Write out nothing but the lines from the one containing "This is the" through the last line below, both included, and without the pictures.

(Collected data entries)
=-=-=

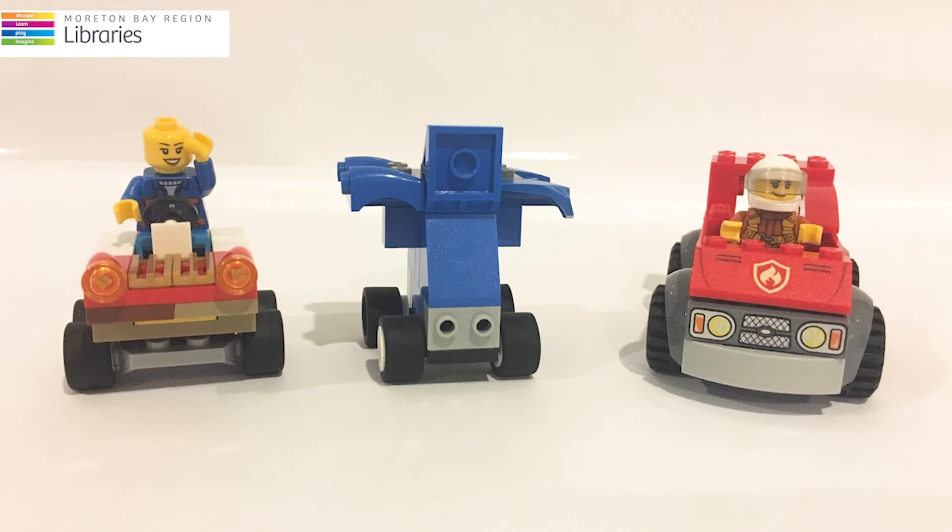Now it's time to create your own car. Make sure it's not too big, as you'll need it to pass through the space between your two towers.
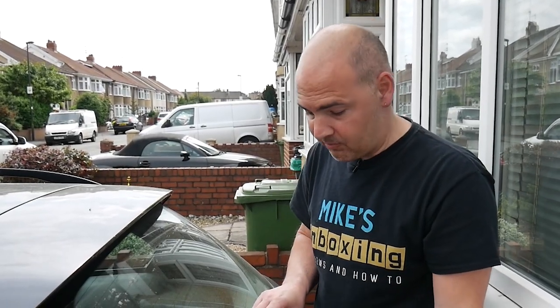So there we go — that's how to fit a rear wiper blade on your E91 BMW. Any comments or questions, stick them in the section below. I've been Mike, this is Mike's Unboxing Reviews and How-To, and we'll catch you in the next video. Thanks for watching.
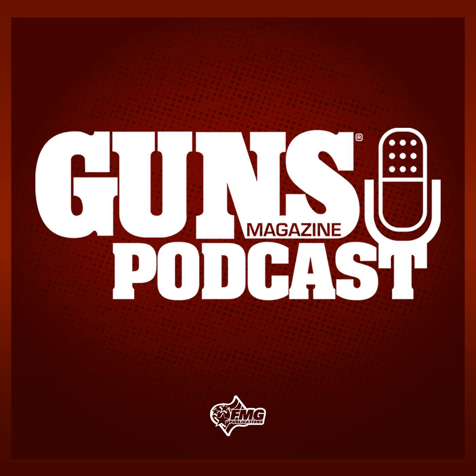This is the Guns Magazine Podcast, episode number 65. Hi there, and welcome to the Guns Magazine Podcast. I'm your host and the editor of Guns Magazine, Brent Wheat. Thanks for joining us as we talk to the interesting people who make up the world of shooting, hunting, and the firearms industry.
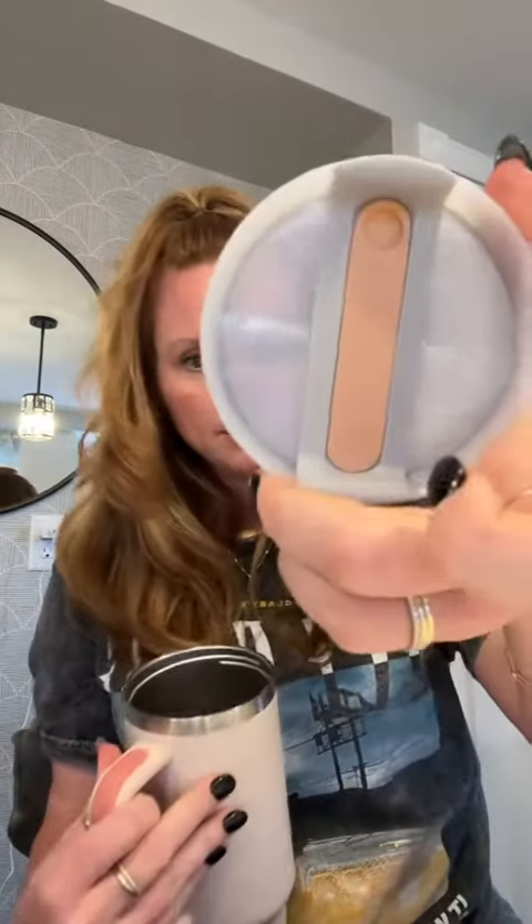It just came in the mail. What is the difference? Oh, I know what the difference is — the cost! I legitimately see no difference.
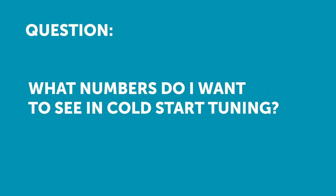Our next question comes from Lewis who's asked: can you talk about the kind of numbers you want to see in cold start tuning?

=-=-=

- **OUTPUT OF THE EXERCISE**
This is the Guns Magazine Podcast, episode number 65. Hi there, and welcome to the Guns Magazine Podcast. I'm your host and the editor of Guns Magazine, Brent Wheat. Thanks for joining us as we talk to the interesting people who make up the world of shooting, hunting, and the firearms industry.
It just came in the mail. What is the difference? Oh, I know what the difference is — the cost! I legitimately see no difference.
Our next question comes from Lewis who's asked: can you talk about the kind of numbers you want to see in cold start tuning?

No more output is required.